Ulysses Kay, whose centennial passed three years ago, was among the first major African American classical composers to follow in the footsteps of trailblazers from the preceding generation such as William Grant Still and Florence Price. (Still, in fact, helped prod the young Kay in the mid-1930s to redirect his academic studies from liberal arts to music.)
Like many Western classical composers who came of age in the 20th century, Kay had available to him a dizzying array of traditional and modern compositional styles and techniques. While studying with Paul Hindemith in the early 1940s, Kay found his primary voice in the Neoclassical style—the revival of 18th-century European musical practices such as light textures, simplicity of style, harmonies rooted in traditional Western tonality (though with expanded use of dissonance), and the favoring of traditional non-programmatic forms such as dance suites and sonatas.
By the time of Kay’s passing in 1995, his output included five operas, the last of which was about Frederick Douglass, as well as more than 20 large orchestral works and numerous choral, chamber and film compositions. Also vital to his life story were service in the U.S. Navy as a musician during World War II, 15 years as an advisor and consultant for the performing right organization Broadcast Media, Inc., and two decades as a distinguished music professor at the City University of New York.

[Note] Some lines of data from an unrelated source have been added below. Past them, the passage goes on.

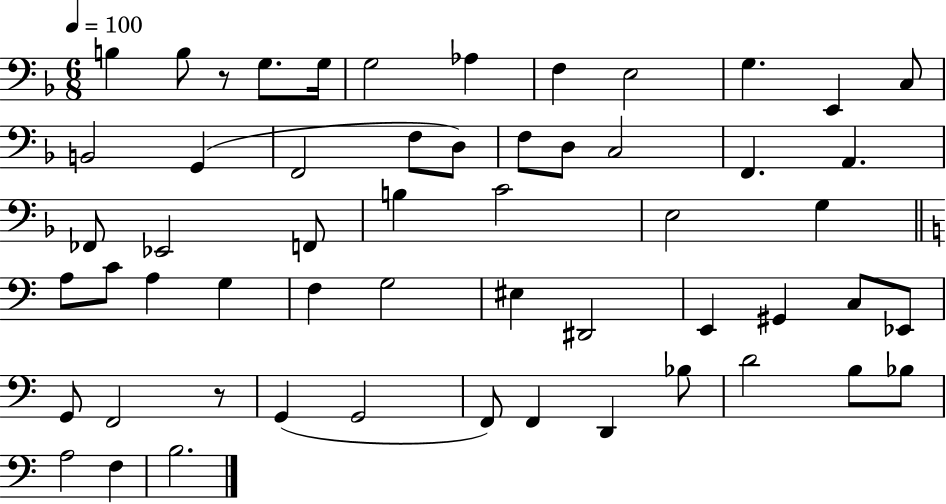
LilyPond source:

{
  \clef bass
  \numericTimeSignature
  \time 6/8
  \key f \major
  \tempo 4 = 100
  b4 b8 r8 g8. g16 | g2 aes4 | f4 e2 | g4. e,4 c8 | \break b,2 g,4( | f,2 f8 d8) | f8 d8 c2 | f,4. a,4. | \break fes,8 ees,2 f,8 | b4 c'2 | e2 g4 | \bar "||" \break \key a \minor a8 c'8 a4 g4 | f4 g2 | eis4 dis,2 | e,4 gis,4 c8 ees,8 | \break g,8 f,2 r8 | g,4( g,2 | f,8) f,4 d,4 bes8 | d'2 b8 bes8 | \break a2 f4 | b2. | \bar "|."
} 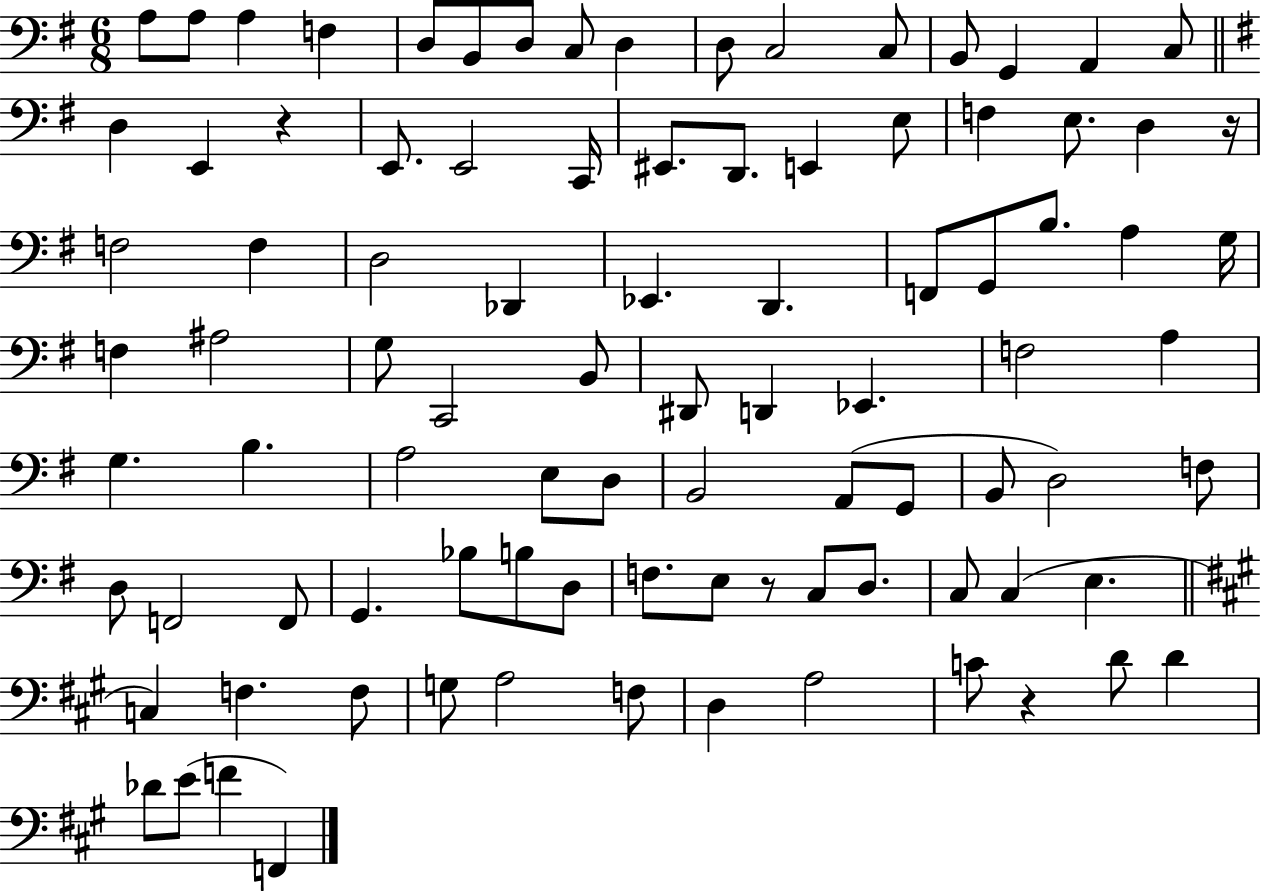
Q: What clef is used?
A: bass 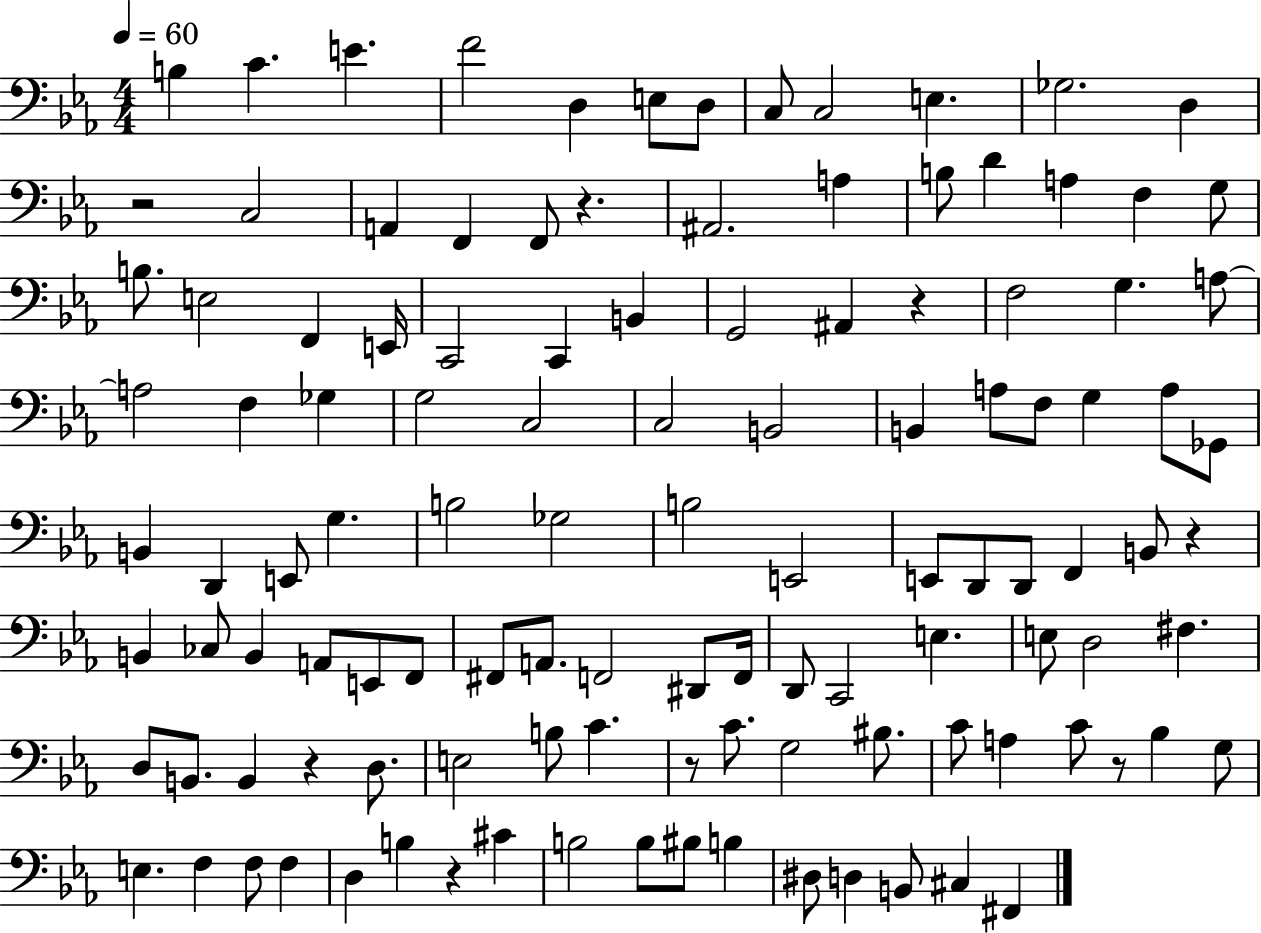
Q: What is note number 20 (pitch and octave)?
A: D4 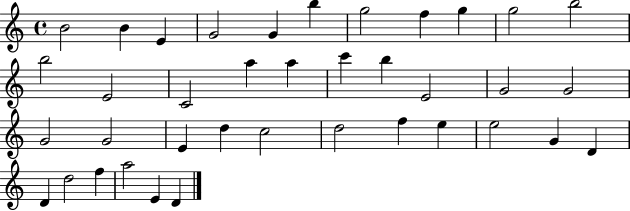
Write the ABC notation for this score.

X:1
T:Untitled
M:4/4
L:1/4
K:C
B2 B E G2 G b g2 f g g2 b2 b2 E2 C2 a a c' b E2 G2 G2 G2 G2 E d c2 d2 f e e2 G D D d2 f a2 E D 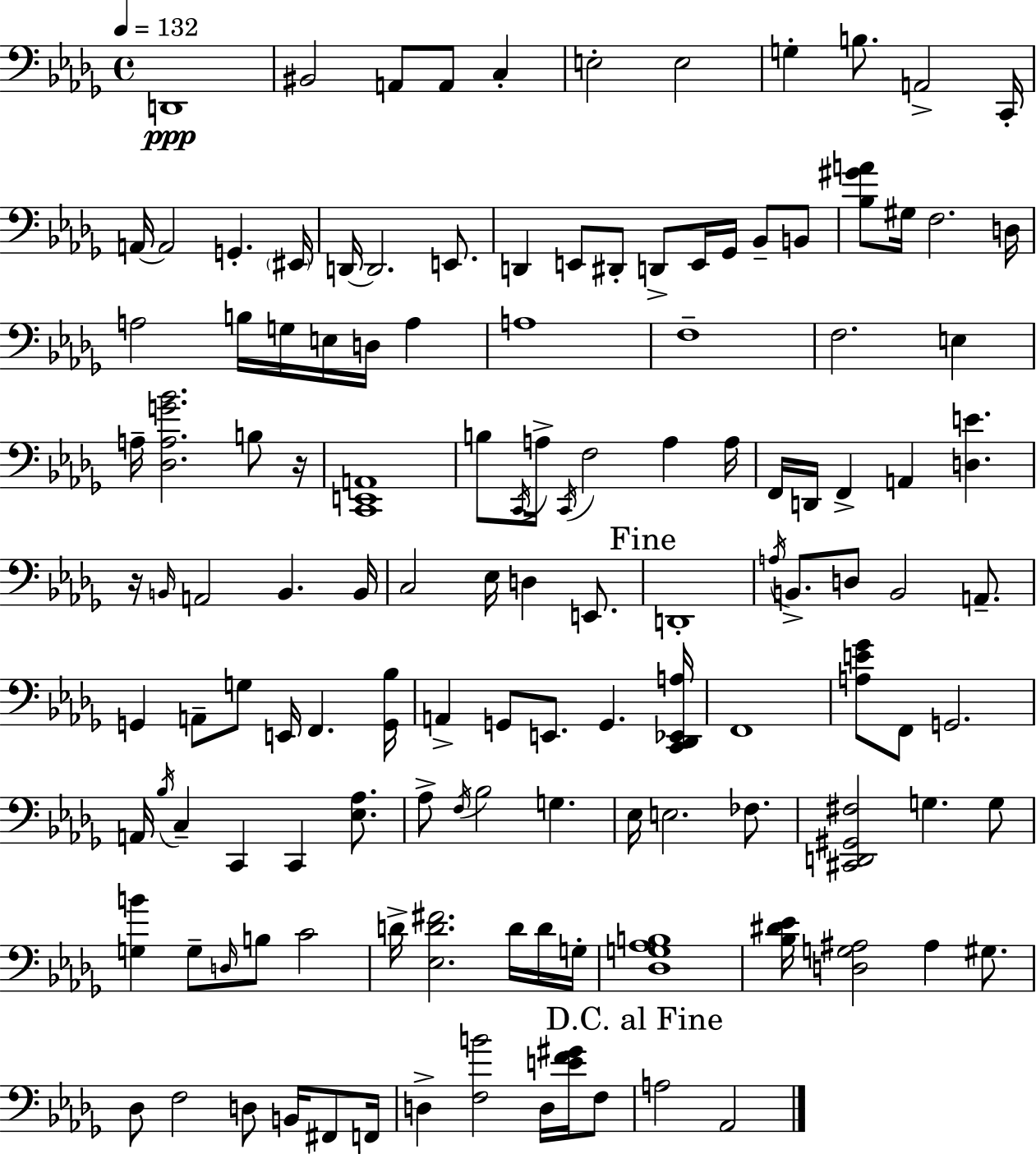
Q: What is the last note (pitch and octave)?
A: Ab2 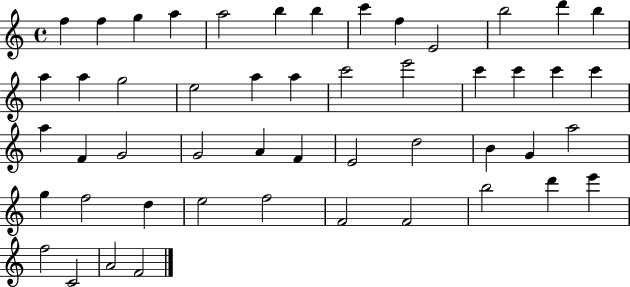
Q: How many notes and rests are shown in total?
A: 50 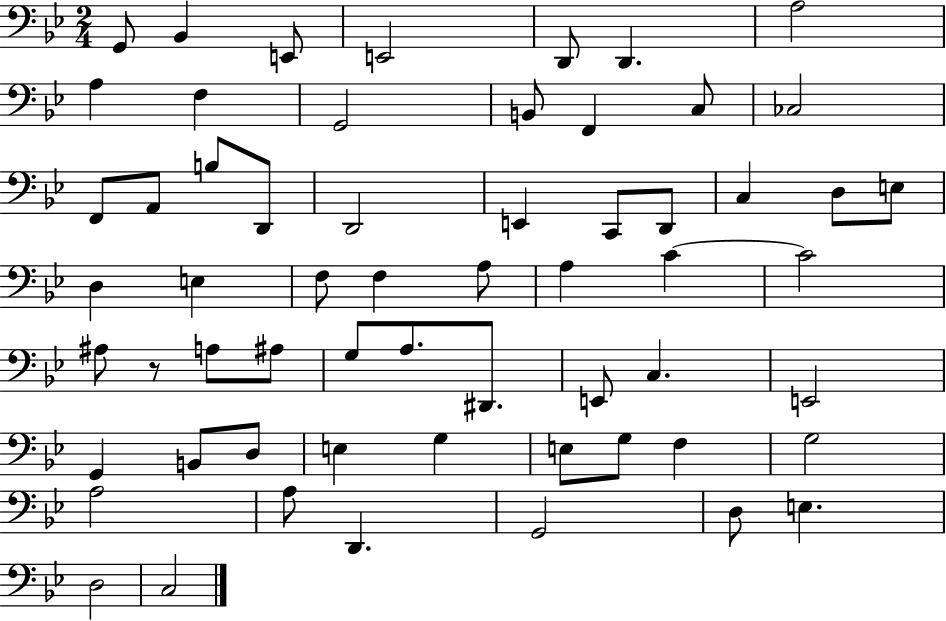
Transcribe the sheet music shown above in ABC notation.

X:1
T:Untitled
M:2/4
L:1/4
K:Bb
G,,/2 _B,, E,,/2 E,,2 D,,/2 D,, A,2 A, F, G,,2 B,,/2 F,, C,/2 _C,2 F,,/2 A,,/2 B,/2 D,,/2 D,,2 E,, C,,/2 D,,/2 C, D,/2 E,/2 D, E, F,/2 F, A,/2 A, C C2 ^A,/2 z/2 A,/2 ^A,/2 G,/2 A,/2 ^D,,/2 E,,/2 C, E,,2 G,, B,,/2 D,/2 E, G, E,/2 G,/2 F, G,2 A,2 A,/2 D,, G,,2 D,/2 E, D,2 C,2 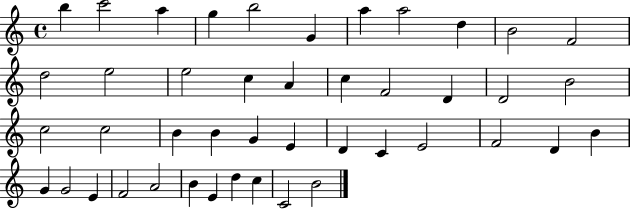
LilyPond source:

{
  \clef treble
  \time 4/4
  \defaultTimeSignature
  \key c \major
  b''4 c'''2 a''4 | g''4 b''2 g'4 | a''4 a''2 d''4 | b'2 f'2 | \break d''2 e''2 | e''2 c''4 a'4 | c''4 f'2 d'4 | d'2 b'2 | \break c''2 c''2 | b'4 b'4 g'4 e'4 | d'4 c'4 e'2 | f'2 d'4 b'4 | \break g'4 g'2 e'4 | f'2 a'2 | b'4 e'4 d''4 c''4 | c'2 b'2 | \break \bar "|."
} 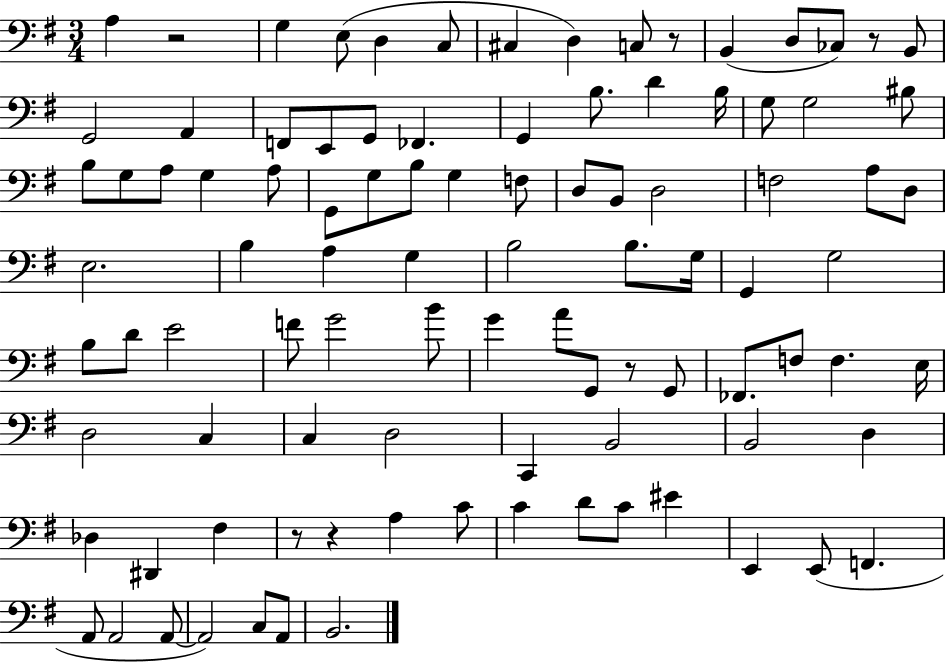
{
  \clef bass
  \numericTimeSignature
  \time 3/4
  \key g \major
  \repeat volta 2 { a4 r2 | g4 e8( d4 c8 | cis4 d4) c8 r8 | b,4( d8 ces8) r8 b,8 | \break g,2 a,4 | f,8 e,8 g,8 fes,4. | g,4 b8. d'4 b16 | g8 g2 bis8 | \break b8 g8 a8 g4 a8 | g,8 g8 b8 g4 f8 | d8 b,8 d2 | f2 a8 d8 | \break e2. | b4 a4 g4 | b2 b8. g16 | g,4 g2 | \break b8 d'8 e'2 | f'8 g'2 b'8 | g'4 a'8 g,8 r8 g,8 | fes,8. f8 f4. e16 | \break d2 c4 | c4 d2 | c,4 b,2 | b,2 d4 | \break des4 dis,4 fis4 | r8 r4 a4 c'8 | c'4 d'8 c'8 eis'4 | e,4 e,8( f,4. | \break a,8 a,2 a,8~~ | a,2) c8 a,8 | b,2. | } \bar "|."
}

“…into the swing of things”
Tonight we hear the first, second and sixth movements of Kay’s Six Dances for String Orchestra, which date in finished form from 1954—although at least two movements were composed in 1953, when a friend of Kay’s who was a CBS radio producer suggested he write a new work for its Sunday afternoon String Serenade program. Kay, who viewed this as an opportunity to get back “into the swing of things” in the U.S. after three years abroad, wrote the six dances in batches of two, although apparently only four of the six were ultimately performed and broadcast by the CBS radio orchestra.
Program note by Carl Schroeder.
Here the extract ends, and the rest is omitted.